Verweerder heeft derhalve ten onrechte artikel 4 van de Bijstandsverordening toegepast, zodat het beroep gegrond is en het bestreden besluit vernietigd dient te worden.
In het voorgaande ziet de rechtbank aanleiding om verweerder te veroordelen in de proces-kosten van eisers tot een bedrag van f 1420,-, uitgaande van een zaak van gemiddelde zwaarte en van twee proceshandelingen.
3. Uitspraak.
De Arrondissementsrechtbank te Middelburg,
verklaart het beroep gegrond;
vernietigt het bestreden besluit;
bepaalt dat verweerder een nieuw besluit neemt, met inachtneming van het in deze uitspraak gestelde;
bepaalt dat de gemeente Vlissingen aan eisers het door hen betaalde griffierecht ten bedrage van f 60,- (zestig gulden) vergoedt;
veroordeelt verweerder in de kosten van deze procedure, aan de zijde van eisers begroot op f 1420,- (veertienhonderdtwintig gulden), te betalen door de gemeente Vlissingen aan de griffier.

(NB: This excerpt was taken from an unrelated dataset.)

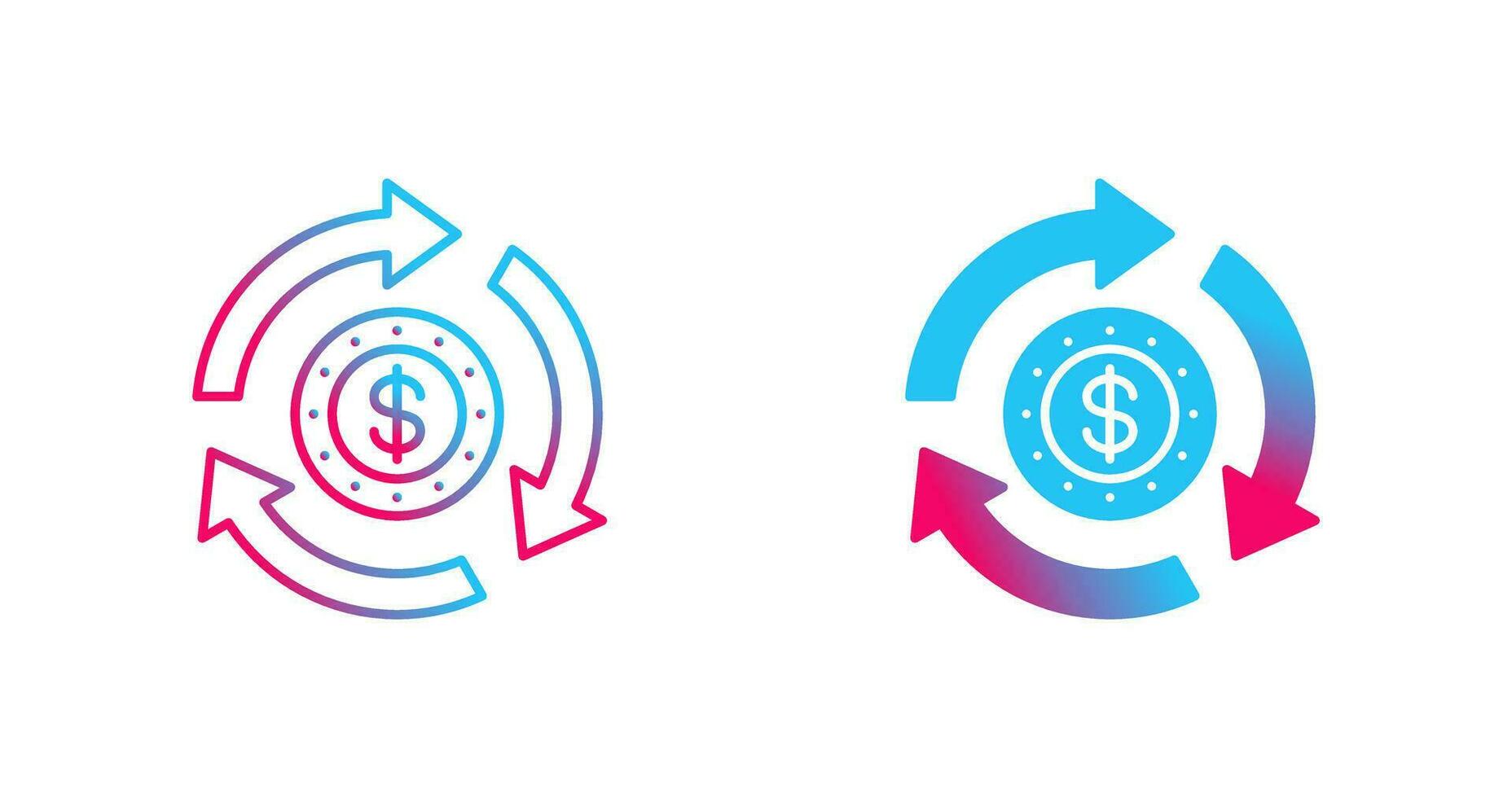 Turnover Vector Icon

Aldus gewezen en in het openbaar uitgesproken op 28 augustus 2001 door mr. J.P.M. Hopmans, in tegenwoordigheid van mr. M.K. Mol - Enklaar, griffier.
Afschrift verzonden op:
Tegen deze uitspraak kan een belanghebbende hoger beroep instellen. Het instellen van het hoger beroep geschiedt door het indienen van een beroepschrift bij de Centrale Raad van Beroep, Postbus 16002, 3500 DA Utrecht, binnen zes weken na dagtekening van verzending van deze uitspraak.